US IT firm CSC sues TCS for misappropriation of source code


US IT firm CSC sues TCS for misappropriation of source code&nbsp

New Delhi: US IT services company Computer Sciences Corp (CSC) has filed a lawsuit against Indian IT bellwether Tata Consultancy Services (TCS) for alleged misappropriation of CSC’s source code to build an insurance platform, following a 2 billion dollar deal from US insurer TransAmerica that TCS won last year. 

It is the second such case against TCS. In 2014, the Indian IT major was sued by US software firm Epic Systems for trade theft involving over 6,000 documents of its system development information. Initially, a court imposed a penalty of 940 million dollar against TCS, which later on another court halved it to 420 million dollar. Currently, TCS is appealing against this in a federal court, according to a report in the Economic Times.

In a lawsuit filed last week in Texas, seeking punitive damages, CSC said that TCS is improperly accessing its codes. “Our legal team is reviewing the allegations and will respond appropriately.
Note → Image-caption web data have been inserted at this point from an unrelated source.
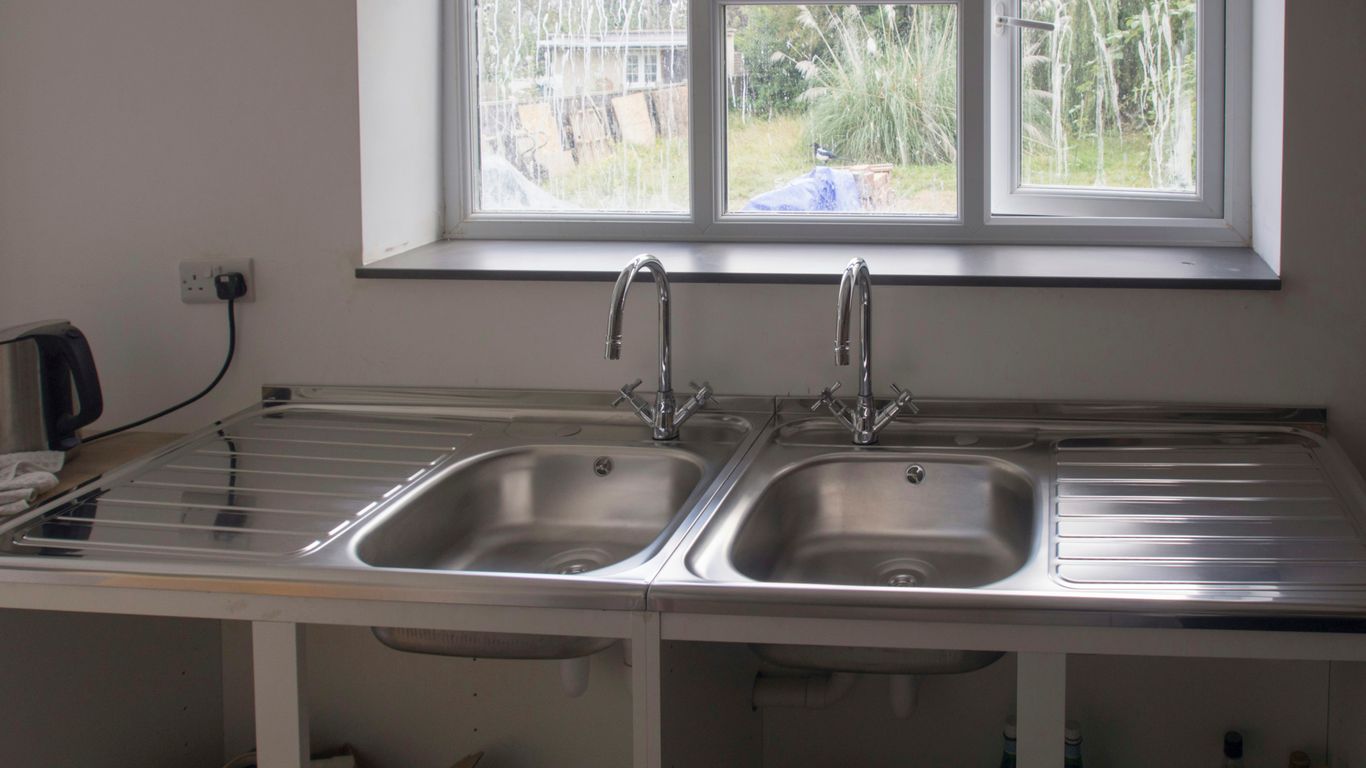 A kitchen with a sink and a window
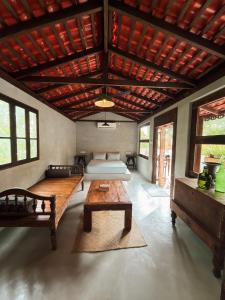 a living room with a bed and a table at Vagabond Collective - Coliving & Coworking in Weligama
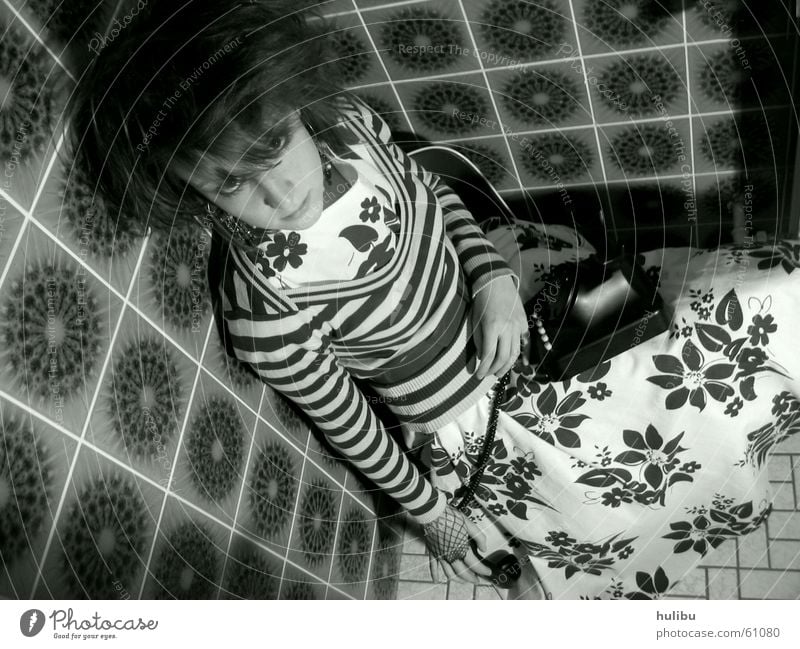 In the corner Girl Woman Telephone Seventies Sixties Multicoloured Stool Dress Striped Pattern Flower Toilet Tile Black & white photo Floor covering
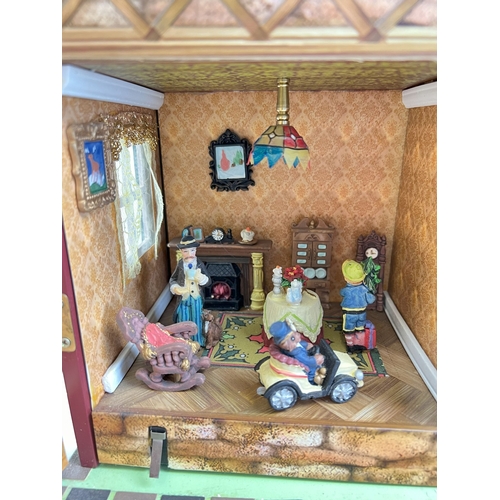 1297 - A Compton & Woodhouse battery operated 'Musical Dolls House' with lights and sounds. Lights up, figu... 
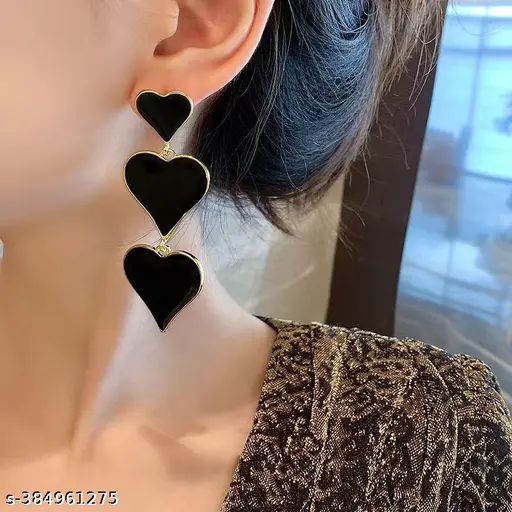 Black heart three-tier drop earrings close-up on ear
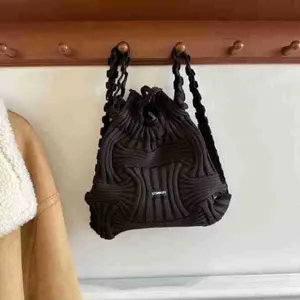 Close-up of a stylish black knitted woven backpack hanging on a wooden wall coat rack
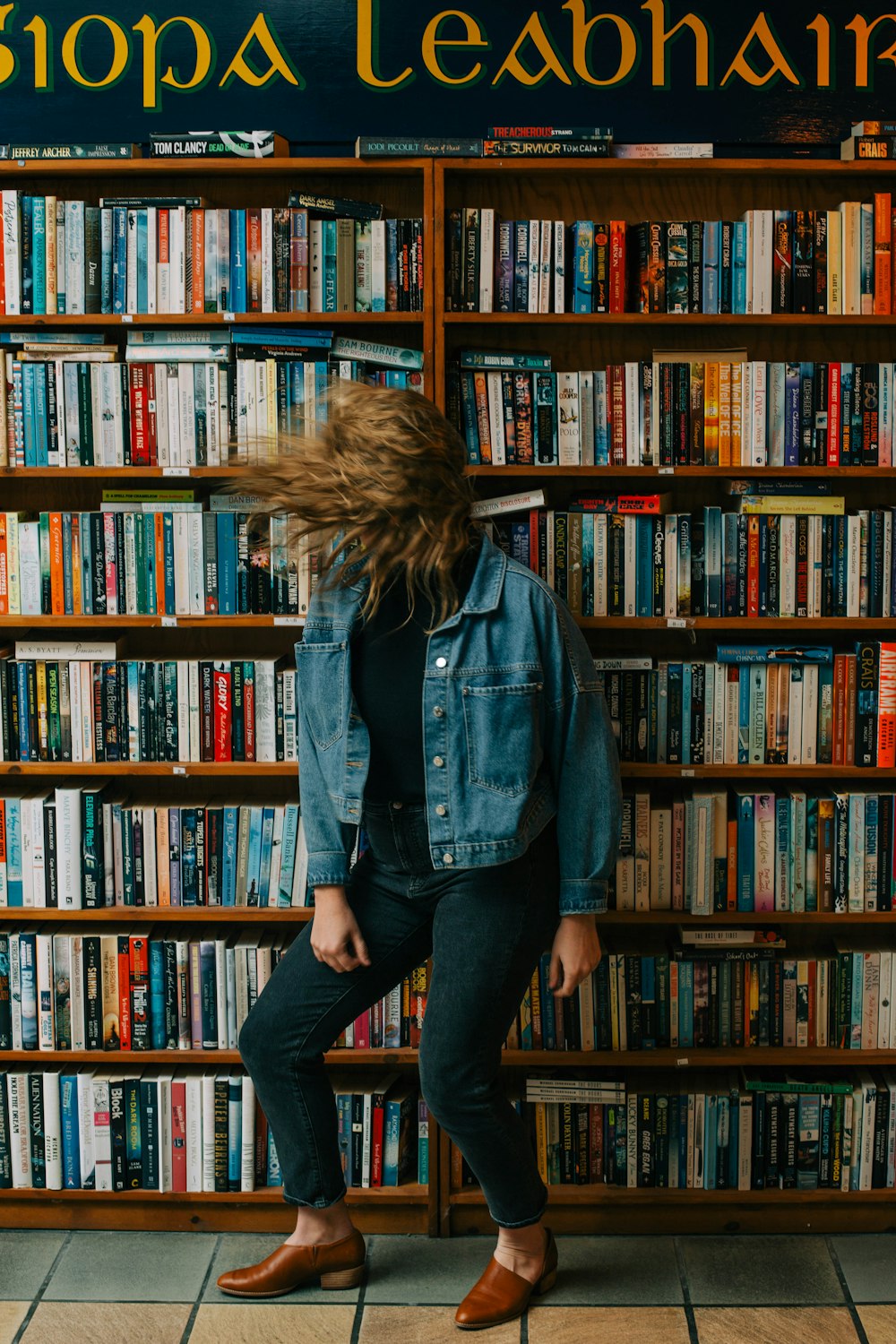 uma mulher em pé na frente de uma estante cheia de livros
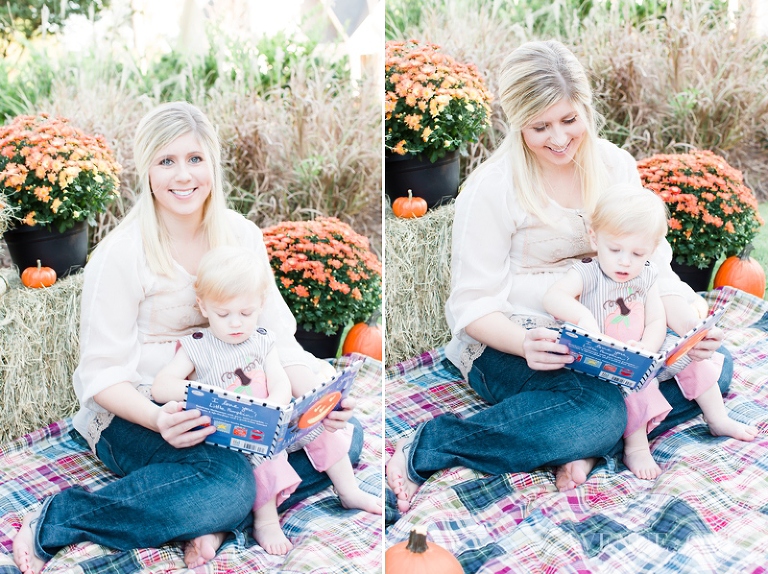 mom and son reading books outside on blanket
TCS will strongly defend its position before the court. As this is a pending legal matter, TCS would not like to comment further at this time,” a TCS spokesperson said in response to a detailed questionnaire sent by ET. 

After the merger with HP Enterprise services, CSC is now DXC Technology. It had licensed Vantage and CyberLife, its insurance products to Money Services Inc (MSI) which is now owned by TransAmerica. The suit says that MSI was using the CSC software to administer and process TransAmerica’s insurance and annuity policies.

“TCS now employs not only thousands of people who know how to use CSC software, including Vantage and CyberLife but TCS also now employs former MSI employees with knowledge of —and access to —the CSC source code hosted on the MSI servers,” ET report quoted CSC as saying.

“TCS is using this access to and knowledge of the CSC source code, software documentation, and other proprietary and confidential CSC information to develop TCS’ BaNCS for the US,” it further added.

CSC alleges, “Later, a TCS employee copied and pasted the actual Vantage source code pertaining to this calculation, and resulting Vantage calculations, into an email and sent it to his TCS colleagues.”

DXC told the national publication that, “As it is our policy generally not to comment on pending litigation, we do not expect to have further comment as the litigation proceeds.”